What type of representation is used by OpenNMT?


(Negacy Hailu) #1

How does OpenNMT represent words (or characters) of input sequence? Is it one hot code encoding or does it compute embedding internally? Assuming, I have a French to English parallel sentences, I am interested to know how the words of the input(French sentences) for this particular example are represented by the tool.


(Guillaume Klein) #2

The training optimizes an embedding for each word, as you’d expect.

Does that answer your question?


(Negacy Hailu) #3

Are you saying it learns word embeddings automatically? How about if the translation is character based? Does it learn character embedding? The tool allows to load pre-trained character embedding for both source and target language, and I was wondering if there is no pre-trained characters embedding, how the characters are represented?


(Guillaume Klein) #4

I should have used “for each token” in my sentence. A token can be a word, a subword, or a character depending on the tokenization.

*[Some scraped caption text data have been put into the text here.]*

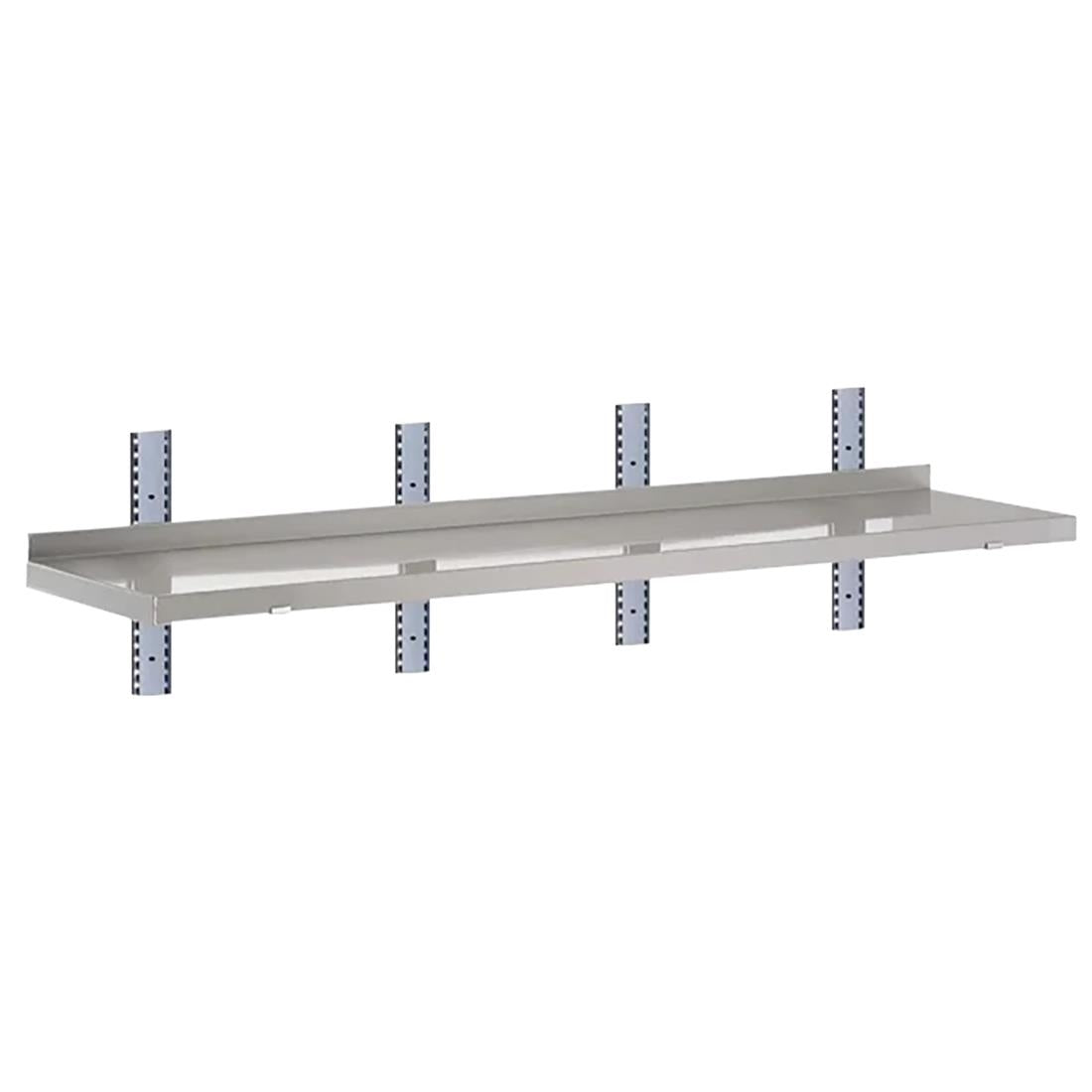 HZ762 Gastro-M complete wandplank 1 niveau 180x40cm - volledige montageset (excl. schroeven)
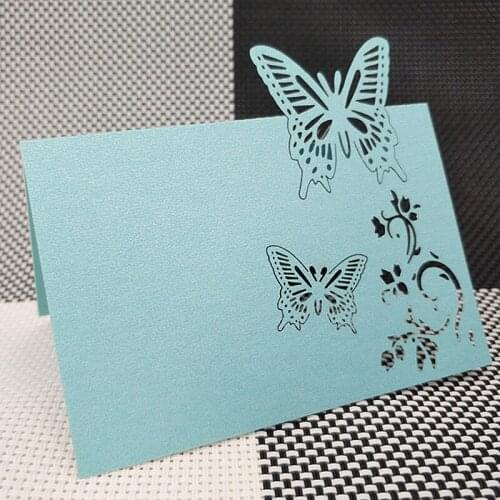 100pcs/Lot Table Name Place Cards Table Tent Cards Name Tags Table Card Seating Cards Wedding Party Baby Shower 8Z-SH075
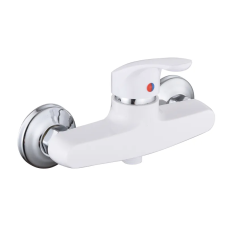 Змішувач для душа Plamix Fidel-003 SET White (з шлангом, лійкою та кронштейном) (PM0730)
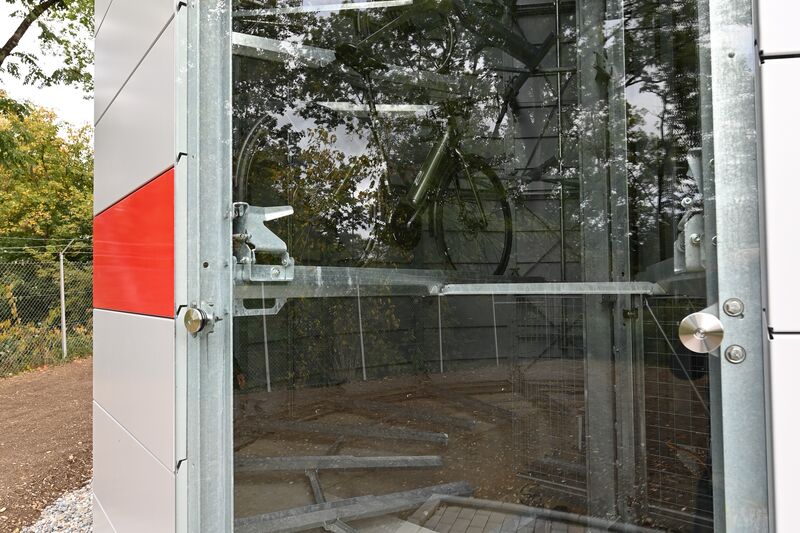 A look inside a bicycle parking system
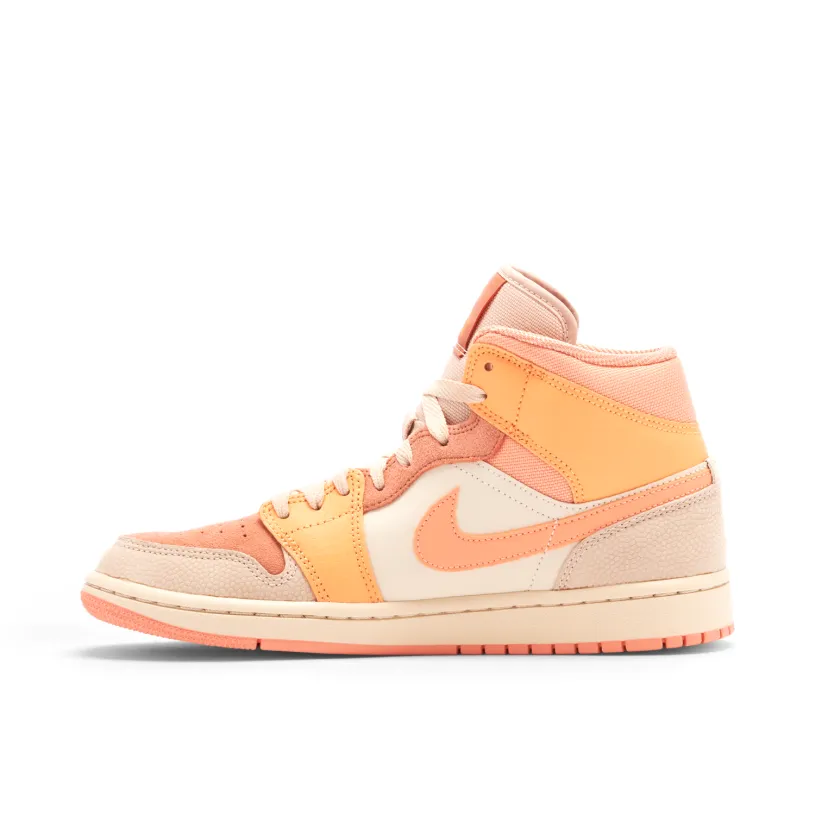 Air Jordan 1 Mid Apricot Womens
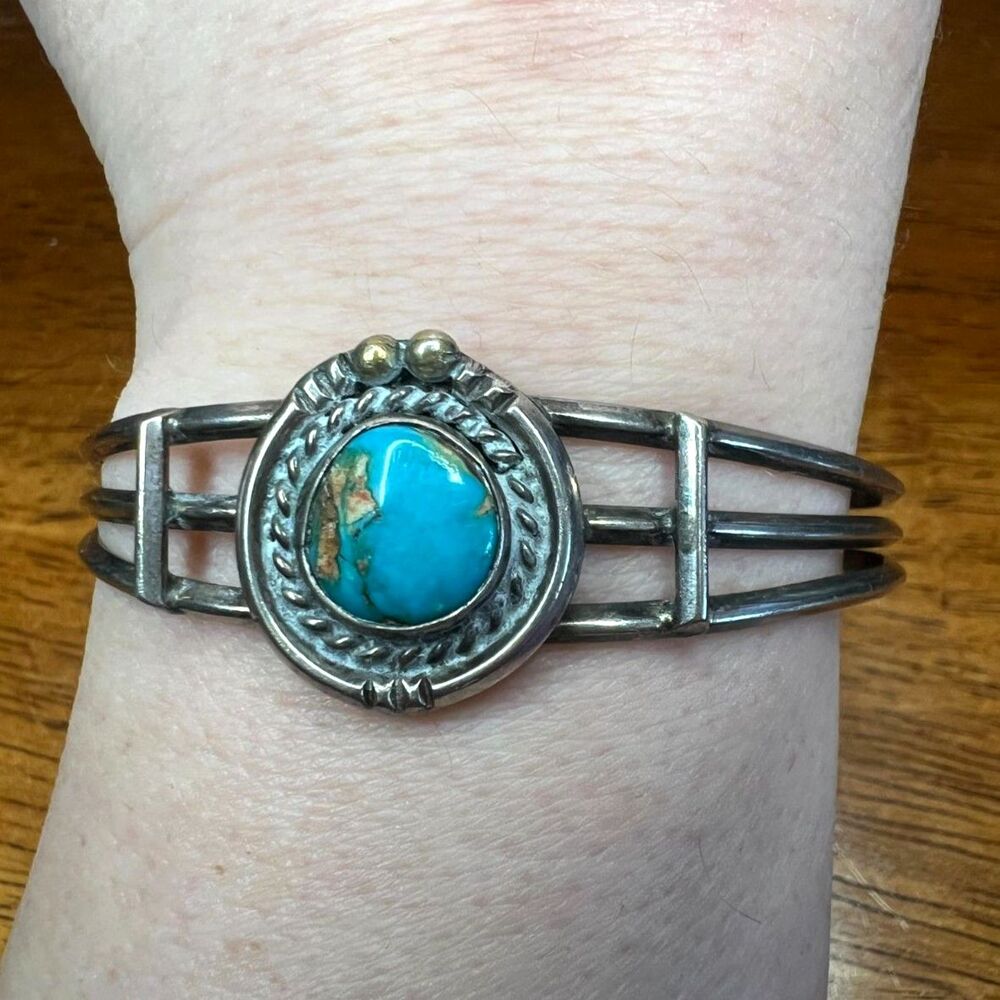 Turquoise Sterling Silver 925 Cuff Bracelet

If no pretrained embeddings are given, the vector is initialized with random values which are optimized as part of the training (like other model parameters).


(Negacy Hailu) #5

Ok, it kind of makes sense, but in your sentence “If no pretrained embeddings are given, the vector is initialized with random values which are optimized as part of the training”, what is a vector? Is it the representation for each token? So, my understanding is that OpenNMT uses token/character/word embedding depending the tokenization that are learned automatically during training, is that correct or am I missing something?


(Guillaume Klein) #6

Yes, it is the learned representation of the token.


(Negacy Hailu) #7

Thanks, that was helpful.